*** Opening Dataset extract ***
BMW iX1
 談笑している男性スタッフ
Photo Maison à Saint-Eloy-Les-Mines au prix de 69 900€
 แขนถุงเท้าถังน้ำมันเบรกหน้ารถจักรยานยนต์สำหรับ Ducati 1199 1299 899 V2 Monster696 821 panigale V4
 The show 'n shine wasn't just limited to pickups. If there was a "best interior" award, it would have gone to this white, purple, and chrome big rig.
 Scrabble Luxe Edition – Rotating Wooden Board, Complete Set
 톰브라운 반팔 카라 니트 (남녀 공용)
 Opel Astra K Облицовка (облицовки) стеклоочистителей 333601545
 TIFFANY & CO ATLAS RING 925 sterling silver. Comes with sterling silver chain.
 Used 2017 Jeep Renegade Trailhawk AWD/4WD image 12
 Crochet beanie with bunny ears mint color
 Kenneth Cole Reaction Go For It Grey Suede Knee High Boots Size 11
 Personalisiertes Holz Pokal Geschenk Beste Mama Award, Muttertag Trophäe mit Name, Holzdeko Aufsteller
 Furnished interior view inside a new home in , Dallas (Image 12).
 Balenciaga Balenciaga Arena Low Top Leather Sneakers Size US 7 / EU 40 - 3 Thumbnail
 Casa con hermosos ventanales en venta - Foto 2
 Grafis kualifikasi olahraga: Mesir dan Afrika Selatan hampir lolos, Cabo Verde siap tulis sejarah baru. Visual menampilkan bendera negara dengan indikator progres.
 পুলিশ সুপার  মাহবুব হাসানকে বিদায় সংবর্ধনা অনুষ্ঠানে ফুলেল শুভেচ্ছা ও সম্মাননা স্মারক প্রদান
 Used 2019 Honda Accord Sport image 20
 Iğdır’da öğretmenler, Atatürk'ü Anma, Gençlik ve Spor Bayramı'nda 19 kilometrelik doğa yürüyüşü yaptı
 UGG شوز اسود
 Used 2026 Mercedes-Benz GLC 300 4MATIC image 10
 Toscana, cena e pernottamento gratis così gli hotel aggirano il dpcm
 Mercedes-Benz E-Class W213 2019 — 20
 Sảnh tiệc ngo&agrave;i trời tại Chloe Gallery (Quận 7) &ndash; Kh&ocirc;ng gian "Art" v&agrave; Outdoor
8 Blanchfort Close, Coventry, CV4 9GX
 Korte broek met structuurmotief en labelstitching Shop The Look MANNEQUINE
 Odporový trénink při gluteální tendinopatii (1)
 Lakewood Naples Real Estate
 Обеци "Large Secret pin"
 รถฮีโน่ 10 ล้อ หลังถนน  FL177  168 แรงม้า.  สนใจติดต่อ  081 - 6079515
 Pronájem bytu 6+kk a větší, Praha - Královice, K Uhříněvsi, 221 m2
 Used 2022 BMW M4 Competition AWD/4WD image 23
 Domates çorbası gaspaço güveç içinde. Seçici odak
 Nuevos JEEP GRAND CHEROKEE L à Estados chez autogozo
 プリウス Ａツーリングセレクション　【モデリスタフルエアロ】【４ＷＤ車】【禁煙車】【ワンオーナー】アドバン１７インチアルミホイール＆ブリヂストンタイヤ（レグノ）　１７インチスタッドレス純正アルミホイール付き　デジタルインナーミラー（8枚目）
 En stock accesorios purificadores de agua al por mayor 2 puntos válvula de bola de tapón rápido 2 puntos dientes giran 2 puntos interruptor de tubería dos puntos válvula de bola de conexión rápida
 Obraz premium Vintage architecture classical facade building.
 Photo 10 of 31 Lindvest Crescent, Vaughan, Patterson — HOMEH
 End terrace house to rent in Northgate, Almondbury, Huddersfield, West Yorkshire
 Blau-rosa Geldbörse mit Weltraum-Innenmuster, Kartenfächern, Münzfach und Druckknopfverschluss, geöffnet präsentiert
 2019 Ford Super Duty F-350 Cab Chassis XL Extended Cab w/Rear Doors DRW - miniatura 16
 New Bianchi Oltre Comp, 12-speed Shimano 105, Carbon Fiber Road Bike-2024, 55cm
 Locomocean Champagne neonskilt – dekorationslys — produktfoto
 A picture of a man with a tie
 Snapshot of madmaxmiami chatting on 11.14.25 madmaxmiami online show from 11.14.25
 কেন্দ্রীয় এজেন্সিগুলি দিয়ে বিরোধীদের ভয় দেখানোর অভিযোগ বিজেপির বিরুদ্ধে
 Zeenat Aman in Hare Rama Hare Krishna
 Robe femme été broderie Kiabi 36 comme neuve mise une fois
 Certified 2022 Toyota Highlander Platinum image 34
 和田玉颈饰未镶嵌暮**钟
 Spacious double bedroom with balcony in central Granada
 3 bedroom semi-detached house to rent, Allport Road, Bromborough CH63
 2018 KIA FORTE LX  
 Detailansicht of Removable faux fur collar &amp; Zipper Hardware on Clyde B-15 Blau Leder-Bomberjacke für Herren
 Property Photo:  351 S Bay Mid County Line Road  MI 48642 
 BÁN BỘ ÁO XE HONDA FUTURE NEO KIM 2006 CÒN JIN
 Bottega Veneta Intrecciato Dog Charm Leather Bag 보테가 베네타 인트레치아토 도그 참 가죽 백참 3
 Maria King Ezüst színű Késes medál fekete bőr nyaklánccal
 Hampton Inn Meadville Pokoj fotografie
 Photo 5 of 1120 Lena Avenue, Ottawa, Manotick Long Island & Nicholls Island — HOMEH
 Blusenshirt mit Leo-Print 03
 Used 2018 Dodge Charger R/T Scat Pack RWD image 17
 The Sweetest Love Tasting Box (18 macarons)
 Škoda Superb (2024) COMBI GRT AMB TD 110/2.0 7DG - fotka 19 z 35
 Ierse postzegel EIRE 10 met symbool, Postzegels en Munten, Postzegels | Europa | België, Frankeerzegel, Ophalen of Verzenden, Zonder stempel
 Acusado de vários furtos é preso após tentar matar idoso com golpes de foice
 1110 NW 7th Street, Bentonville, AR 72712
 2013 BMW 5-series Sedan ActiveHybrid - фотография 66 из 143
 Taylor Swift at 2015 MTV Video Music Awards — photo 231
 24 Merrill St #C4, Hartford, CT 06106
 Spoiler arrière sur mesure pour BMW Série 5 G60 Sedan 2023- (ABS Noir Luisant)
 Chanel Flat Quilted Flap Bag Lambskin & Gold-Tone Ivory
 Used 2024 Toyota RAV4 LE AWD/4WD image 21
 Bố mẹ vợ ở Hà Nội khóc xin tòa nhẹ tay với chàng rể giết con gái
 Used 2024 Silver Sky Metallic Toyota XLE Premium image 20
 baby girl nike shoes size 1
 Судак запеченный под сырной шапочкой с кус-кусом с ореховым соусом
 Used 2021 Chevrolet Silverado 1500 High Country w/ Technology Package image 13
*** Closing Dataset extract ***
Copy all lines of the material above where the string "rent" occurs.

**Answer area**
 End terrace house to rent in Northgate, Almondbury, Huddersfield, West Yorkshire
 3 bedroom semi-detached house to rent, Allport Road, Bromborough CH63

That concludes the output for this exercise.